Hunt tells us again, “A wiki grows
organically. Take things in any order, in any time. Look at any page and see
its history.”
Some come with me now to explore
Masonic Genealogy. Under regional sections on the right click on
Massachusetts. Click on Lodges and we will look up one of my former
Lodges. Go to the P’s and click on Paul Revere. Now under Anniversaries or
Visits by Grand Master, take your pick, click on 2006- 150th
anniversary. Now we find ourselves on the Jeffrey Hodgdon Grand Master page
for 2006. Scroll down the page to Special Communications and find 10/14 2006
Brockton. Click on Brockton and then Paul Revere and we are back where we
started.
Now this is a very simple route that we took.

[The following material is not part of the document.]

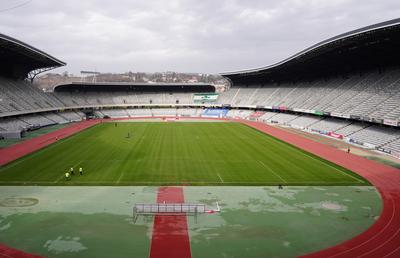 Gazon Luna transformă suprafața de joc de pe Cluj Arena cu un gazon hibrid de ultimă generație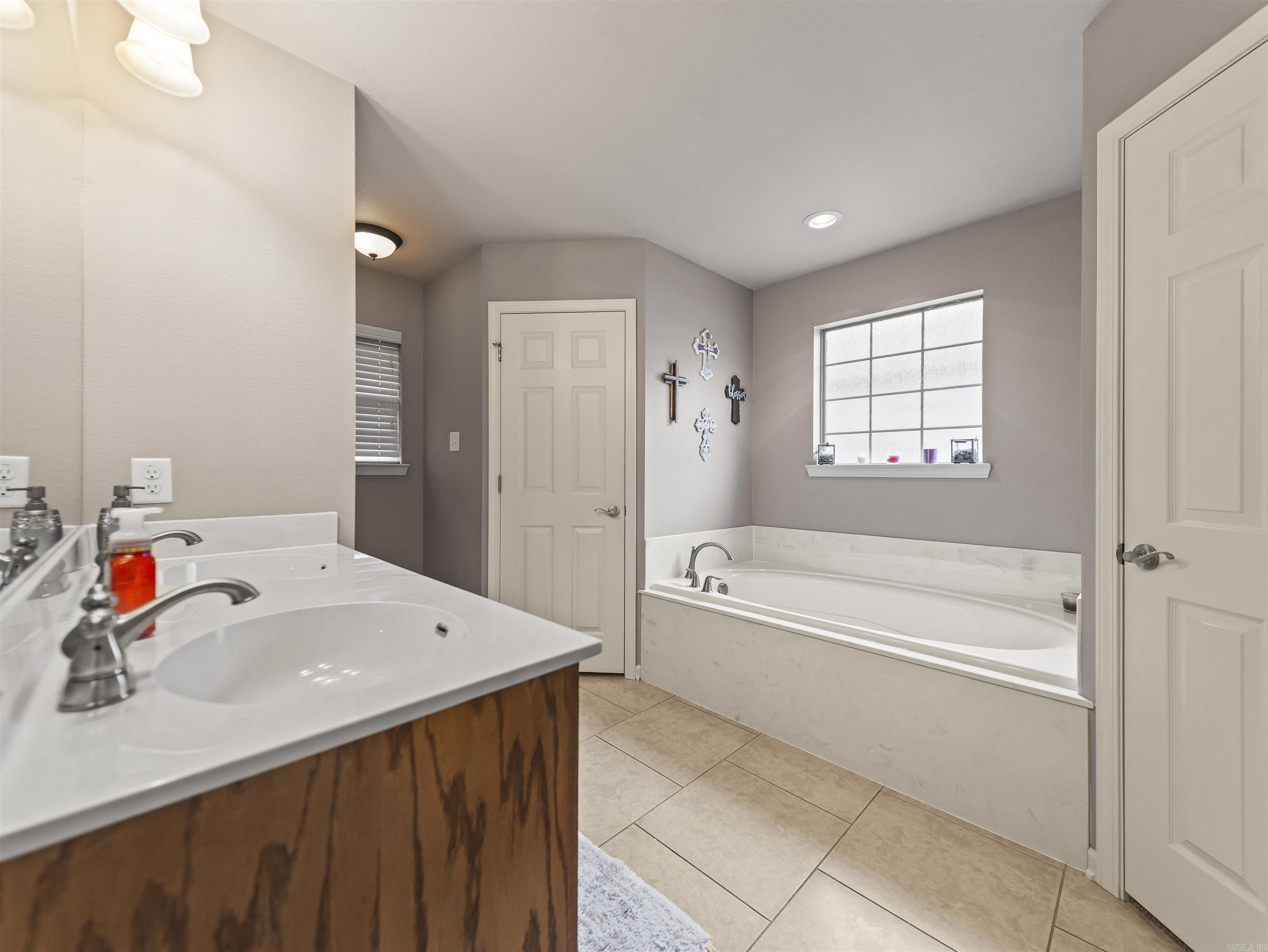 AUBURN HILLS - Residential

But you might have noticed along the way all the options you had to go
elsewhere and make a bigger circle or a longer route. The cross referencing in
this wiki presents you with the best cross referencing you have ever seen and
you can use it without getting lost.
Lately Hunt is working on expanding and
explaining all the annotations in the pages of the Grand Constitution.
The bottom line is that this is a tremendous
tool for research and getting to know your Grand Lodge. It is the new Grand
Lodge Search Engine!
Walter Hunt, a historian, writer, author,
science fiction buff, board game aficionado and Freemason is making his mark
on society and Freemasonry. His Masonic Genealogy will be a model for every
Lodge in the United States if not the world and will bring Grand Lodges fully
into the 21st century Information Age with both feet.
Interesting people do interesting things and
some of the most interesting to me are Masonic artisans or craftsmen. The
cream of the crop are those who are multi talented having expertise across a
number of fields. When I wrote about Patrick Craddock I noted:
Successful people are multi- talented and
multi-faceted people. If you take a look at Brothers David Naughton-Shires
and Ryan Flynn you will notice that they have interests and expertise in a
wide range of different areas. What they do in one field is buttressed by
what they know in another. When you combine a working knowledge of
mathematics, science, history and religion with such sub headings of
scholarship perhaps such as numerology, sacred geometry, historical
preservation, symbology, ancient mystery schools, Gnosticism, computer
science and other such studies, you become a well rounded person able to
pull from other areas for your vision.
Here are some of these multi talented Freemason
artisans and craftsmen who have graced the pages of Freemason Information and
Phoenixmasonry.
Shot From The Cannon – David Naughton-Shires And
The Masonic Art Exchange
Patrick Craddock And The Craftsman’s Apron
The Multi Talented Masonic Graphic Artist Brother
Ryan J. Flynn
Brother Jim McBeth, Masonic Knife Craftsman
Now it is time to add another multi talented
Masonic artisan to the group, Right Worshipful Brother
Walter Hunt, Grand Historian for the Grand Lodge of Massachusetts AF & AM.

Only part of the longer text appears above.